Fans and muggles alike would know Supreme, one of the ultimate streetwear brands every enthusiast probably owns. It sits at the top with Off-White and other brands. Each drop is hot—in layman’s terms, it gets sold out in a split second online and people actually line up for days to own anything Supreme. We can’t blame people if it can also be a really effective way to make money, fast. But Supreme’s reign may be at risk with the birth of Supreme Italia—a legal fake; a ripoff of a ripoff.
Supreme was born in New York. The brand’s father James Jebbia has built the brand up from ripping off designer brands and incorporating it with his own line of streetwear. This we know by watching Patriot Act with Hasan Minhaj on Netflix. In the Supreme episode, we have been enlightened by how much Supreme has fooled us into thinking they’re new and unique. Sure, Jebbia was smart enough to observe that skaters actually fuse cheap streetwear with designer goods. But it’s not so smart to imitate, appropriate, pay homage—whatever you call it—the work of Barbara Kruger, a propaganda artist. But this consumerist move is now being countered by the birth of ‘legal fake’, something that we would much rather call a movement.
“Having underestimated the Italian market, the brand won’t act until the legal fake will spread outside Italy, or until, in order to sell more, it will higher its standards in terms of fonts, logo, releases, etc.,” says Alessandro Altamore of Maison Group in an interview with NSS Magazine in an attempts to understand how a ‘legal fake’ like Supreme Italia came to be. But it seems as if this is happening too quickly. Supreme Italia is set to open its flagship store in Shanghai, China. After losing their case in Italy over the boxed logo and branding, Supreme may be looking at another case against the brand. This isn’t something new for Supreme since they’ve already sued Leah McSweeney of Married to the Mob for producing products with ‘Supreme Bitch’ printed in the red boxed logo format. It seems like the legal department of Supreme is the busiest of all but they should probably be working on originality more, don’t you think?
In the same interview with NSS Magazine, Valerio Ghisi of Stone Group said that “the Supreme Italia phenomenon is rooted within an increasingly large portion of ignorant and passive consumers. I’m talking about those who are influenced by any proposal without estimating its potential range, who are aware of a particular brand just because of its exposure, without digging deeper.” This is the truth about Supreme. In any random bazaar in the Philippines alone, we’ll see a bunch of Supreme knock-offs. Kids would wear them as they declare to follow the ‘hypebeast’ lifestyle. This is something Supreme didn’t really pay attention to.

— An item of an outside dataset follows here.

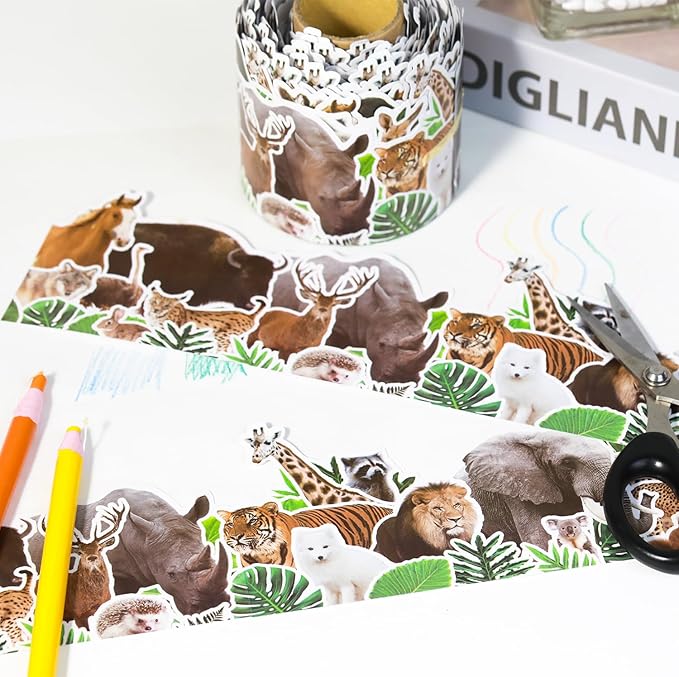 66ft Jungle Animals Bulletin Board Borders Rolled Jungle Safari Themed Decoration Zoo Animal Print Bulletin Border Trim for School Classroom Blackboard Office Chalkboard Whiteboard Wall Decor
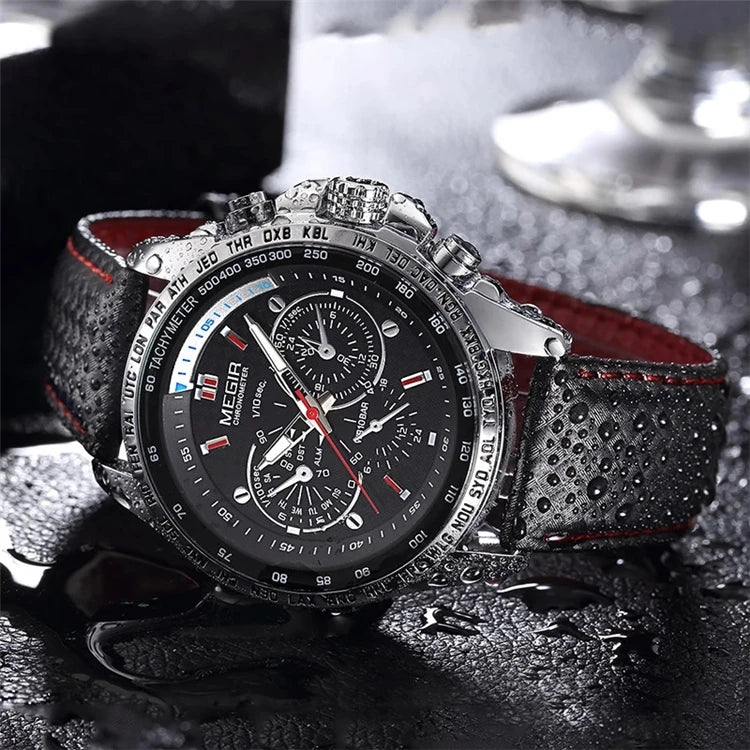 MEGIR 1010 Japan Quartz Chronograph Watch — 45mm, Leather, Luminous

Consumers don’t really care what’s in the logo. As long as it’s red, boxed, printed on a shirt or hoodie, people will buy it—maybe even for the same price as the original ones. This makes us vulnerable in the battle for consumerism. We’re being played for a fool and the existence of ‘legal fakes’ give us the upper hand now. We’re no longer slaves of overpriced streetwear—not to mention the crowbars and bricks Supreme came up with. Supreme opened a can of worms in the streetwear industry. Being a ripoff from the beginning, they now face the consequences of being ripped off. “Making as much money as possible playing on misinformation and using another’s creativity is the only goal,” Ghisi adds. What will happen to Supreme Italia as it crosses oceans to open its flagship in China? Perhaps, a lawsuit. That’s what they do best after all.